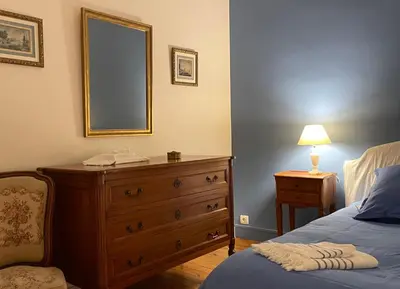 Un ou plusieurs lits dans un hébergement de l'établissement Maison de famille de charme en pleine nature en bord de rivière à 20 min d'Angers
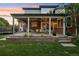 Covered back patio complete with outdoor seating, dining area and lush green grass at 5528 S Jasper Way, Centennial, CO 80015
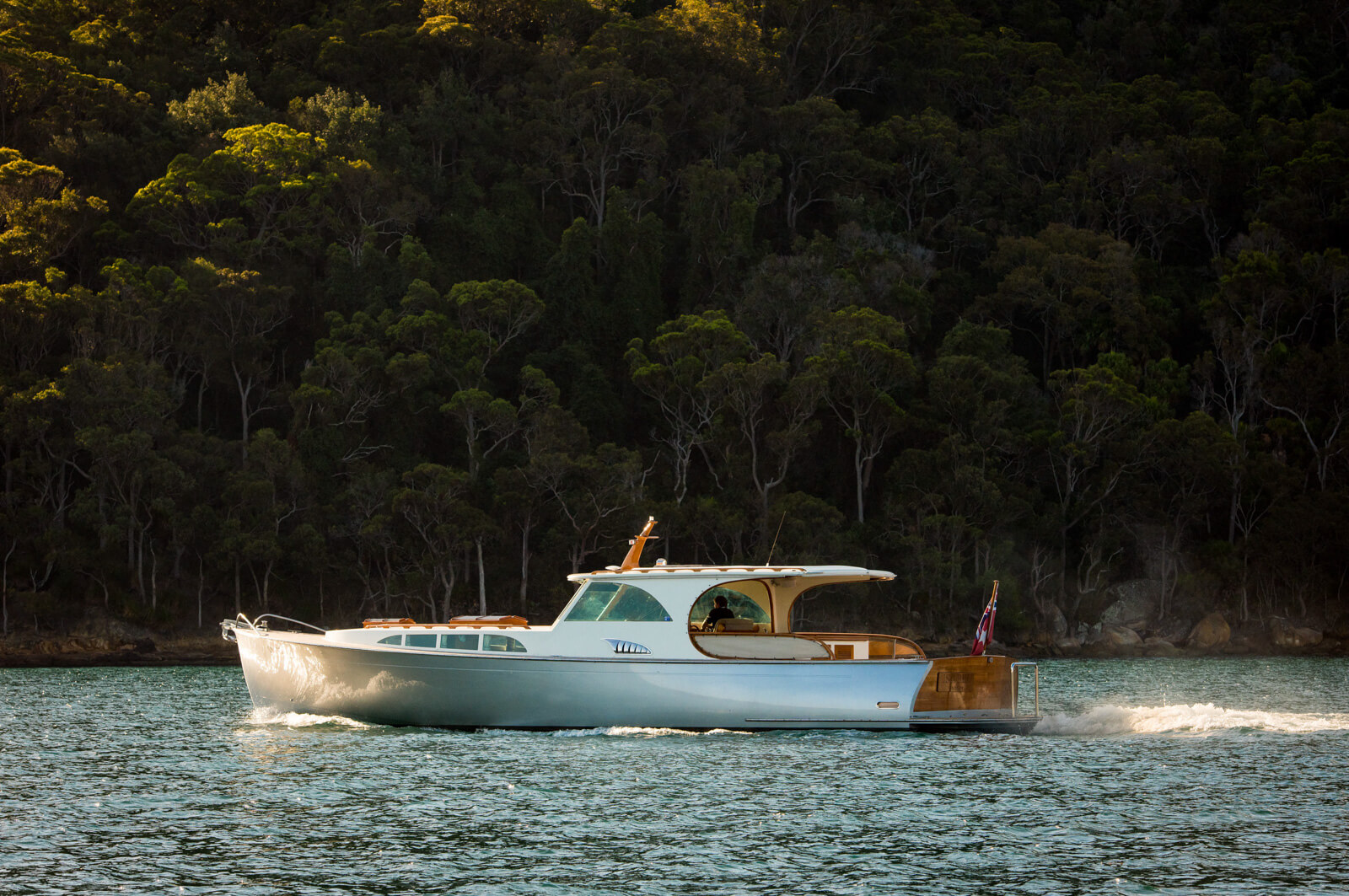 A sleek white motor yacht cruises on calm water near a forested shoreline, with tall green trees in the background and sunlight highlighting the boats polished wooden deck.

───

(Task requirements)
Your answer should copy the listing word for word, with no pictures in it.

(Answer to the exercise)
 Un ou plusieurs lits dans un hébergement de l'établissement Maison de famille de charme en pleine nature en bord de rivière à 20 min d'Angers
 Covered back patio complete with outdoor seating, dining area and lush green grass at 5528 S Jasper Way, Centennial, CO 80015
 A sleek white motor yacht cruises on calm water near a forested shoreline, with tall green trees in the background and sunlight highlighting the boats polished wooden deck.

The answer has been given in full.